== Segment start ==
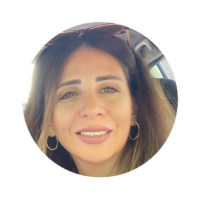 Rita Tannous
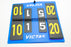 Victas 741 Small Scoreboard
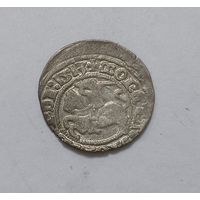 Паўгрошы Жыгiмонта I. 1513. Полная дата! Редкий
== Segment end ==
== Segment start ==
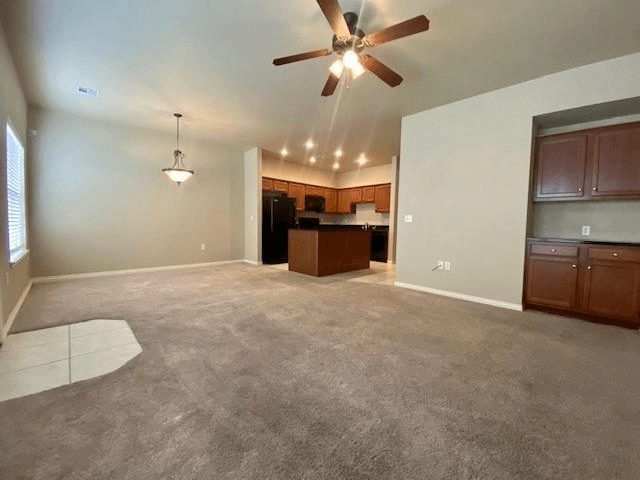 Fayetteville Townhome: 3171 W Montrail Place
== Segment end ==
== Segment start ==
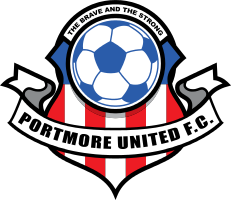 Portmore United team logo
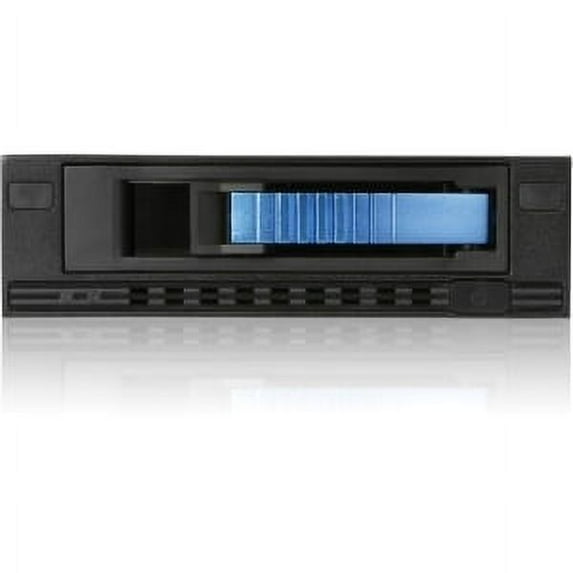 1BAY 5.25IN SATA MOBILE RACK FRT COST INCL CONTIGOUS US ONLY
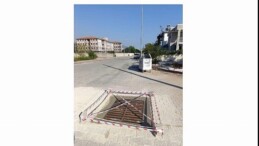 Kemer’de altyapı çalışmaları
== Segment end ==
### Problem to solve
Exactly the lines above, from the one containing "Rita Tannous" down to the one containing "Паўгрошы Жыгiмонта I.", are to be repeated, including both ends. Pictures are not part of the copy.

### Task result
 Rita Tannous
 Victas 741 Small Scoreboard
 Паўгрошы Жыгiмонта I. 1513. Полная дата! Редкий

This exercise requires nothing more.